I'm just populating a bunch of lists with brep vertices. If the vertex has a z>0.0 then a large circle is drawn, otherwise a small circle is drawn.

+ Your code has a lot of class level variables. Sometimes you need that, but in this case many of them can be converted to local variables and function arguments. 

+ You're overriding DrawViewportMeshes, but you're drawing wires in that method. You'll get a better result if you draw wires and points and text in DrawViewportWires instead.

+ You call this:

owner.ExpireSolution(true);

owner.OnPingDocument();

at the end of DrawViewportMeshes(). That's a big no-no. You didn't change the solution with your preview drawing so there's no need to start another solution. This is probably what's causing the bad performance and flickering in your code.

OnPingDocument() is only useful to call if you do something with the return value, there's no point in calling it just like that.

+ You seem to be using camera location and camera direction as a shorthand for figuring out projective geometry. This is insufficient. The transformation of world XYZ points to screen XY points is a 4x4 matrix which cannot be represented solely by as point and a vector. You should use the methods on the Viewport class for mapping points from world to screen. These methods work no matter what the projection is (parallel, perspective, two-point perspective...)
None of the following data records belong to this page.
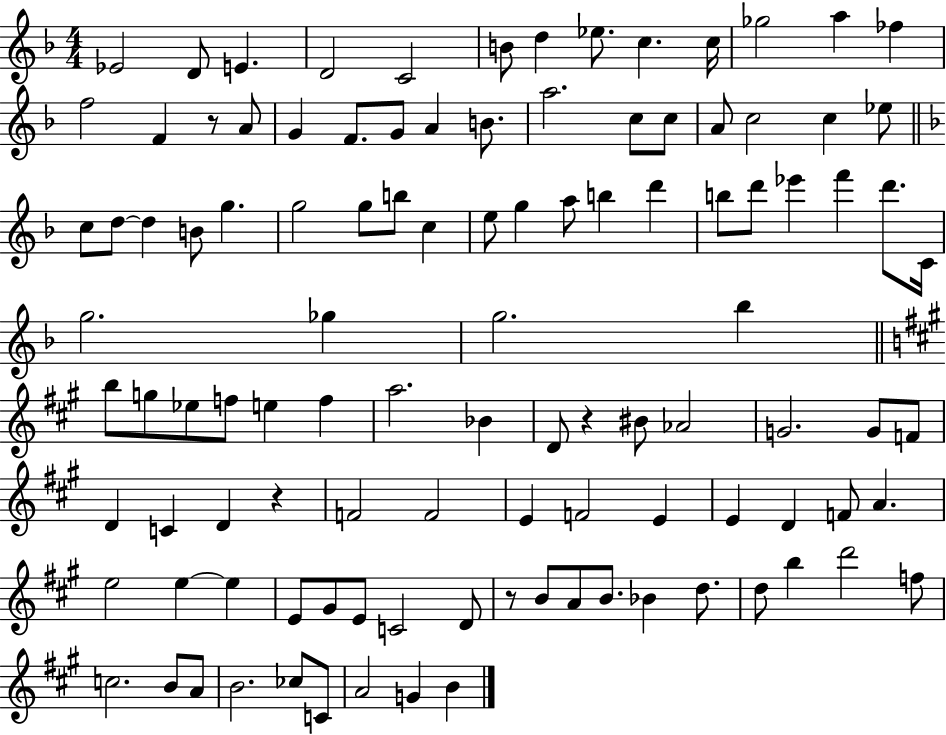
X:1
T:Untitled
M:4/4
L:1/4
K:F
_E2 D/2 E D2 C2 B/2 d _e/2 c c/4 _g2 a _f f2 F z/2 A/2 G F/2 G/2 A B/2 a2 c/2 c/2 A/2 c2 c _e/2 c/2 d/2 d B/2 g g2 g/2 b/2 c e/2 g a/2 b d' b/2 d'/2 _e' f' d'/2 C/4 g2 _g g2 _b b/2 g/2 _e/2 f/2 e f a2 _B D/2 z ^B/2 _A2 G2 G/2 F/2 D C D z F2 F2 E F2 E E D F/2 A e2 e e E/2 ^G/2 E/2 C2 D/2 z/2 B/2 A/2 B/2 _B d/2 d/2 b d'2 f/2 c2 B/2 A/2 B2 _c/2 C/2 A2 G B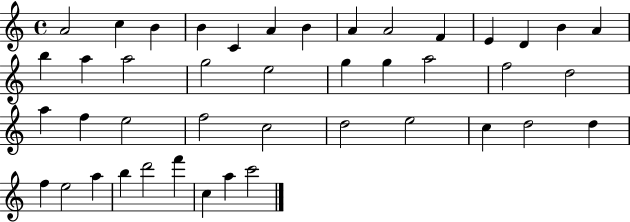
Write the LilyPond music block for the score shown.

{
  \clef treble
  \time 4/4
  \defaultTimeSignature
  \key c \major
  a'2 c''4 b'4 | b'4 c'4 a'4 b'4 | a'4 a'2 f'4 | e'4 d'4 b'4 a'4 | \break b''4 a''4 a''2 | g''2 e''2 | g''4 g''4 a''2 | f''2 d''2 | \break a''4 f''4 e''2 | f''2 c''2 | d''2 e''2 | c''4 d''2 d''4 | \break f''4 e''2 a''4 | b''4 d'''2 f'''4 | c''4 a''4 c'''2 | \bar "|."
}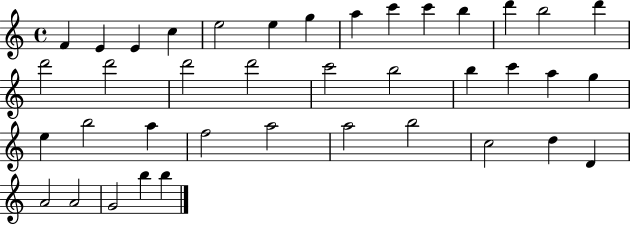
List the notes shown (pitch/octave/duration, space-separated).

F4/q E4/q E4/q C5/q E5/h E5/q G5/q A5/q C6/q C6/q B5/q D6/q B5/h D6/q D6/h D6/h D6/h D6/h C6/h B5/h B5/q C6/q A5/q G5/q E5/q B5/h A5/q F5/h A5/h A5/h B5/h C5/h D5/q D4/q A4/h A4/h G4/h B5/q B5/q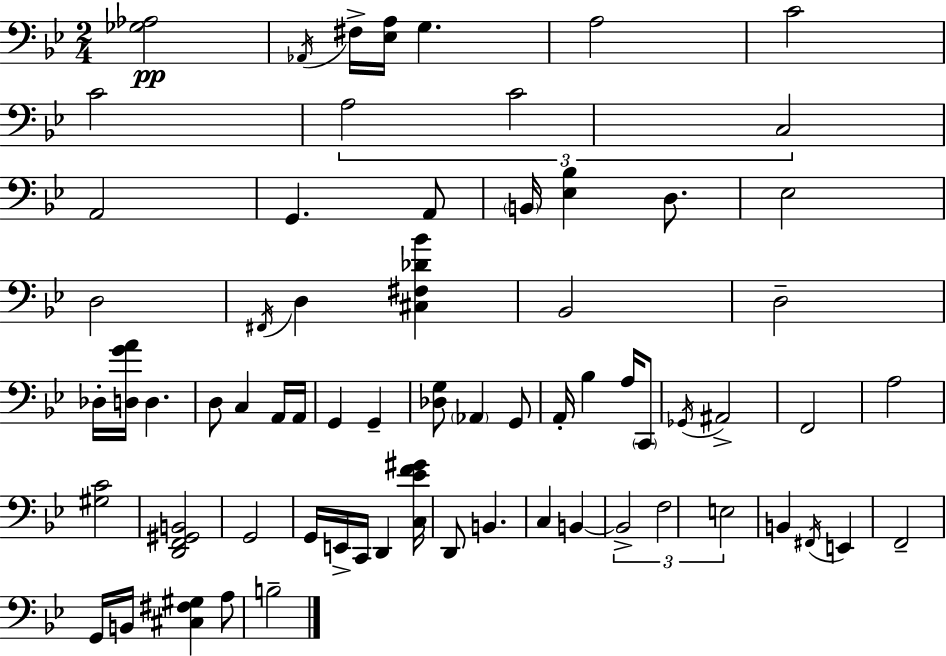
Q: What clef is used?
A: bass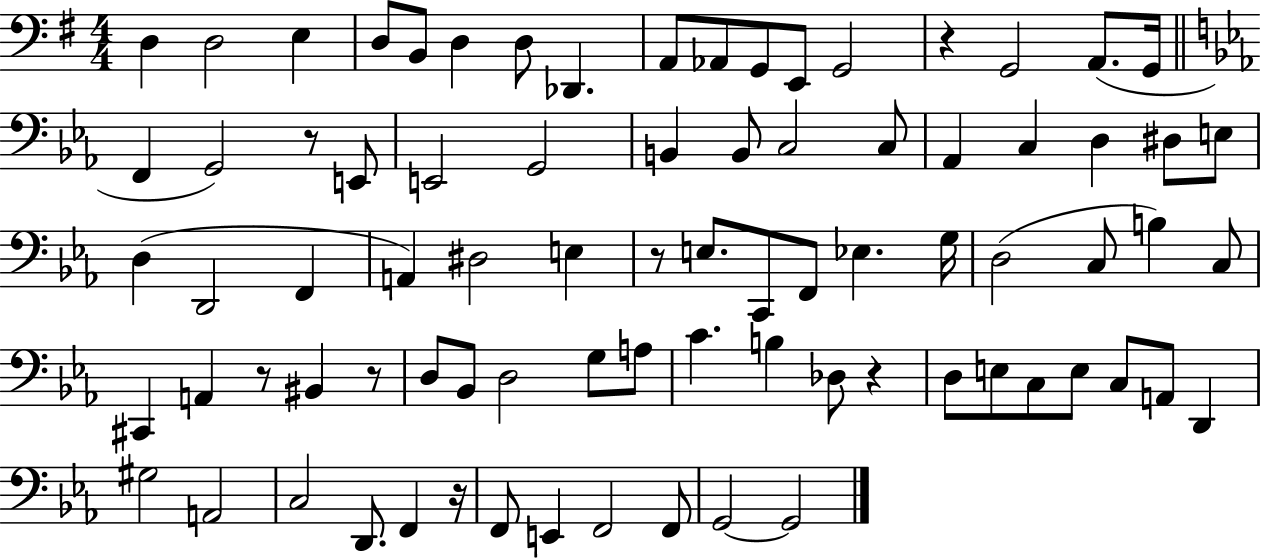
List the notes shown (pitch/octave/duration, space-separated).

D3/q D3/h E3/q D3/e B2/e D3/q D3/e Db2/q. A2/e Ab2/e G2/e E2/e G2/h R/q G2/h A2/e. G2/s F2/q G2/h R/e E2/e E2/h G2/h B2/q B2/e C3/h C3/e Ab2/q C3/q D3/q D#3/e E3/e D3/q D2/h F2/q A2/q D#3/h E3/q R/e E3/e. C2/e F2/e Eb3/q. G3/s D3/h C3/e B3/q C3/e C#2/q A2/q R/e BIS2/q R/e D3/e Bb2/e D3/h G3/e A3/e C4/q. B3/q Db3/e R/q D3/e E3/e C3/e E3/e C3/e A2/e D2/q G#3/h A2/h C3/h D2/e. F2/q R/s F2/e E2/q F2/h F2/e G2/h G2/h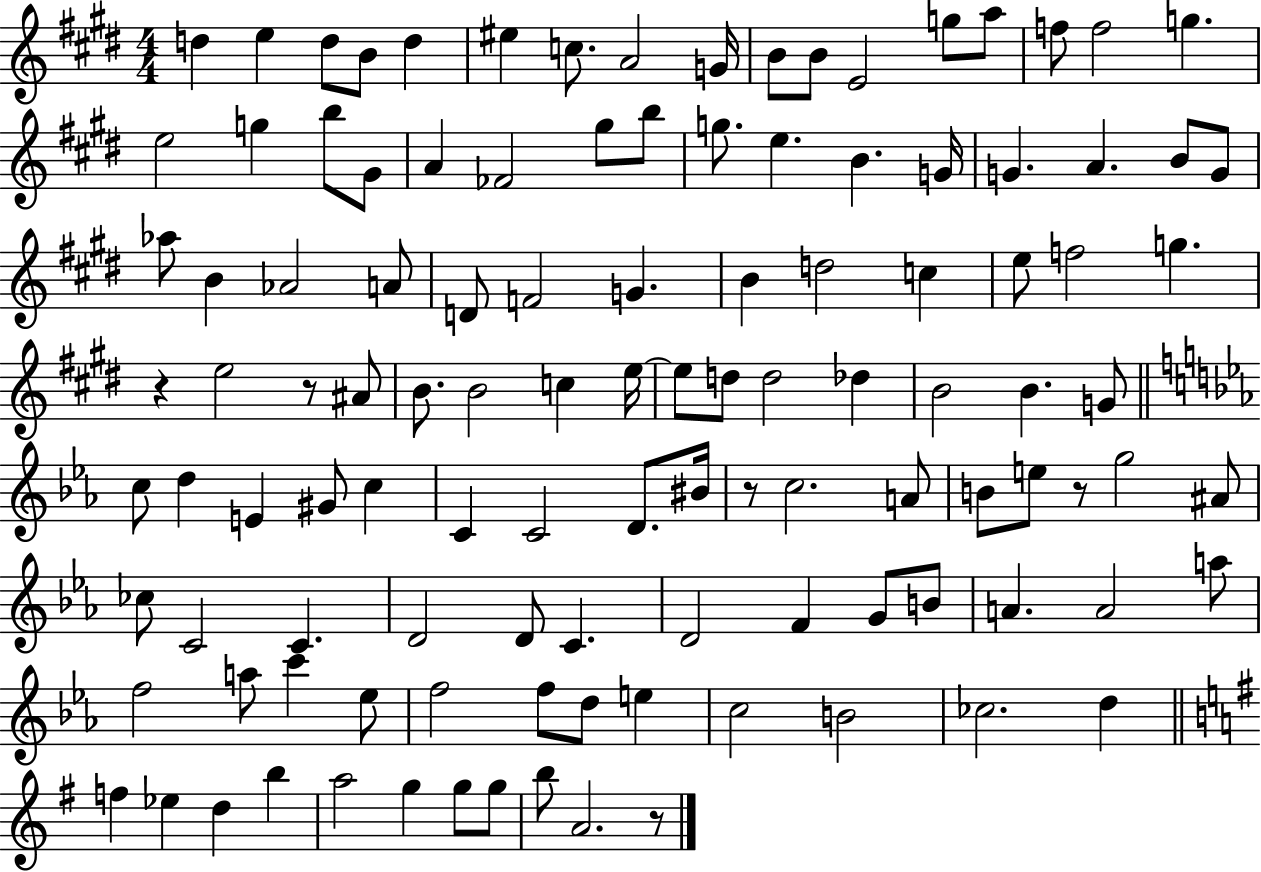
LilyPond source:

{
  \clef treble
  \numericTimeSignature
  \time 4/4
  \key e \major
  d''4 e''4 d''8 b'8 d''4 | eis''4 c''8. a'2 g'16 | b'8 b'8 e'2 g''8 a''8 | f''8 f''2 g''4. | \break e''2 g''4 b''8 gis'8 | a'4 fes'2 gis''8 b''8 | g''8. e''4. b'4. g'16 | g'4. a'4. b'8 g'8 | \break aes''8 b'4 aes'2 a'8 | d'8 f'2 g'4. | b'4 d''2 c''4 | e''8 f''2 g''4. | \break r4 e''2 r8 ais'8 | b'8. b'2 c''4 e''16~~ | e''8 d''8 d''2 des''4 | b'2 b'4. g'8 | \break \bar "||" \break \key ees \major c''8 d''4 e'4 gis'8 c''4 | c'4 c'2 d'8. bis'16 | r8 c''2. a'8 | b'8 e''8 r8 g''2 ais'8 | \break ces''8 c'2 c'4. | d'2 d'8 c'4. | d'2 f'4 g'8 b'8 | a'4. a'2 a''8 | \break f''2 a''8 c'''4 ees''8 | f''2 f''8 d''8 e''4 | c''2 b'2 | ces''2. d''4 | \break \bar "||" \break \key e \minor f''4 ees''4 d''4 b''4 | a''2 g''4 g''8 g''8 | b''8 a'2. r8 | \bar "|."
}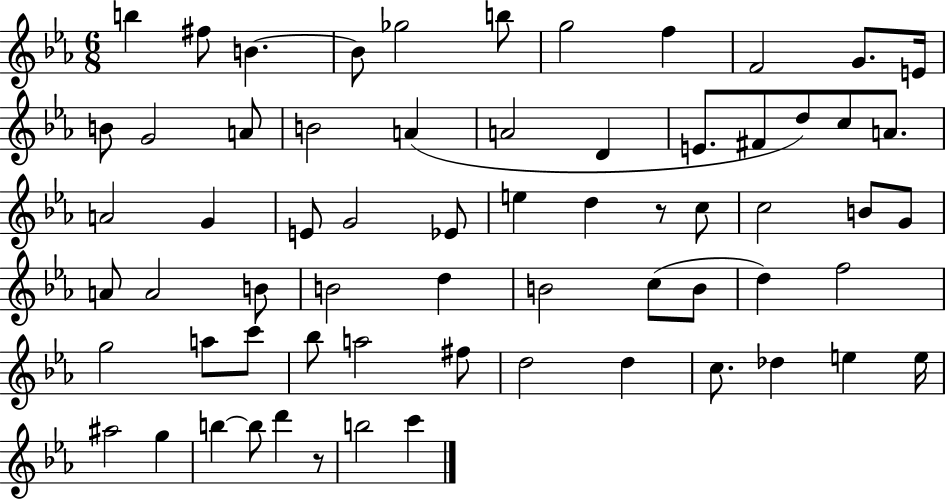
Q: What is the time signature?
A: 6/8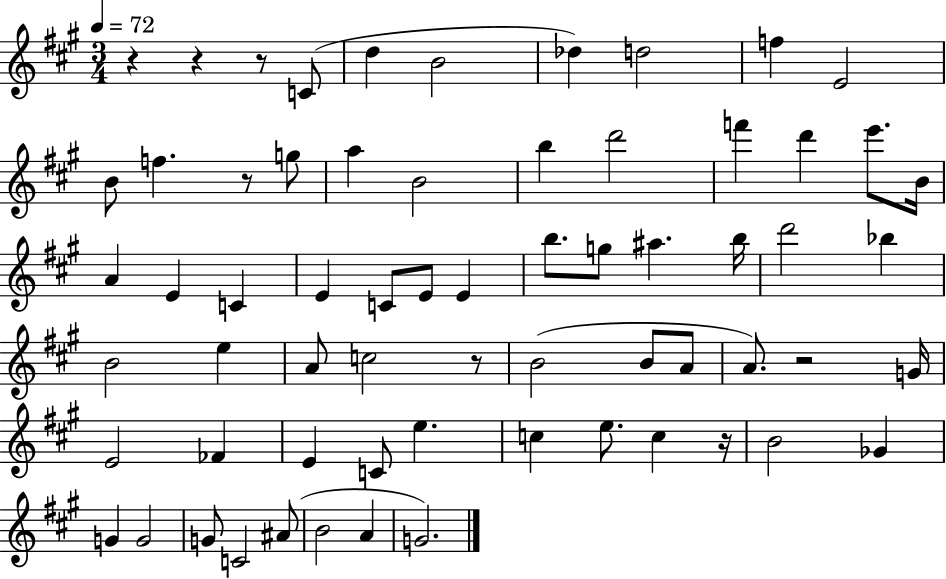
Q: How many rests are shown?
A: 7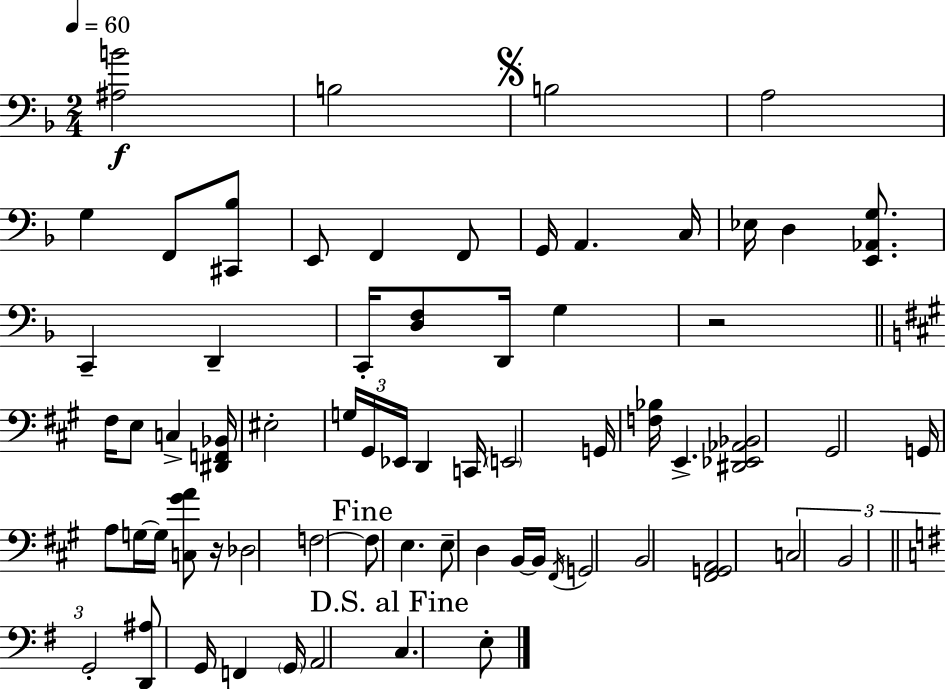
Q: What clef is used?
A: bass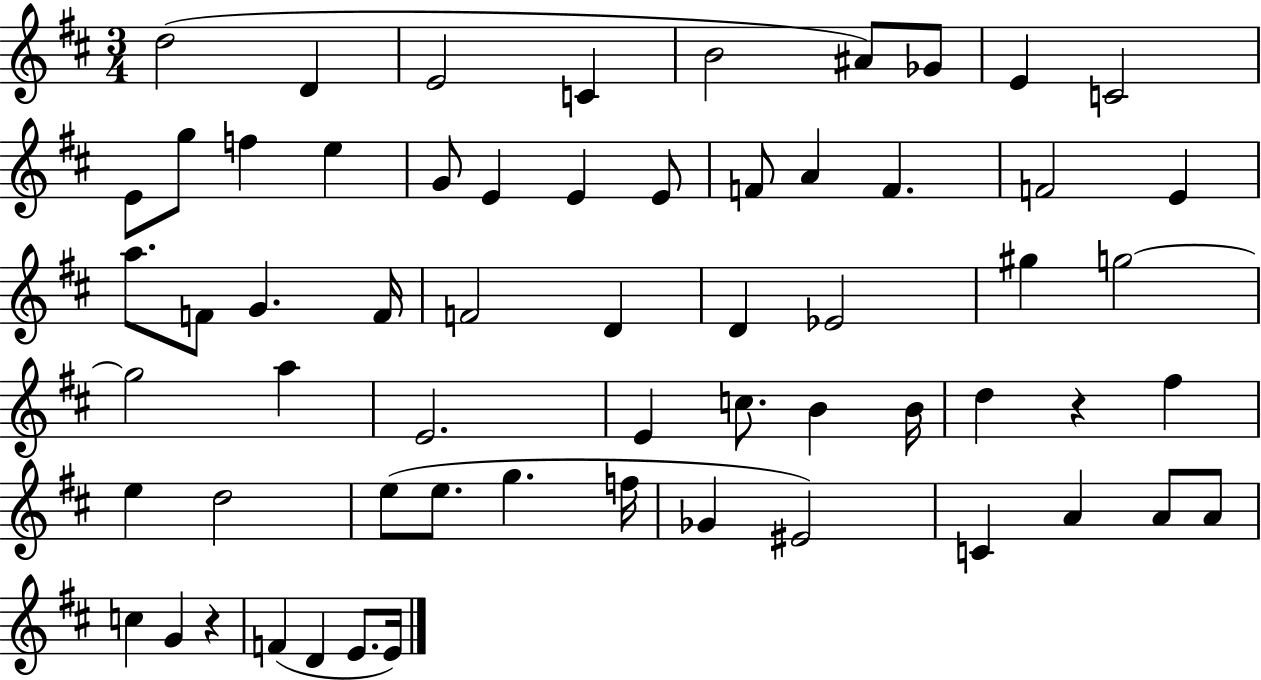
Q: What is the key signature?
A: D major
+ Your variable and function naming is not very helpful. Although I applaud the verbosity in your naming and you do a good job of using verbs in your method names, you can still make your code more readable by using different casing patterns. The .NET style guides recommend using lowercase names for variables with uppercase for secondary words (radius, circleRadius, offset, offsetDistance) and uppercasing the first letter of every word in methods (GetRadius, ComputeRadius, OffsetRadius). Although it is not recommended by Microsoft, I prefer to prefix all class level variables with an underbar. 

Hope this helps,

David

Attachments:

David,

I am sorry for not replying earlier to your excellent post - the description and code provided were very helpful!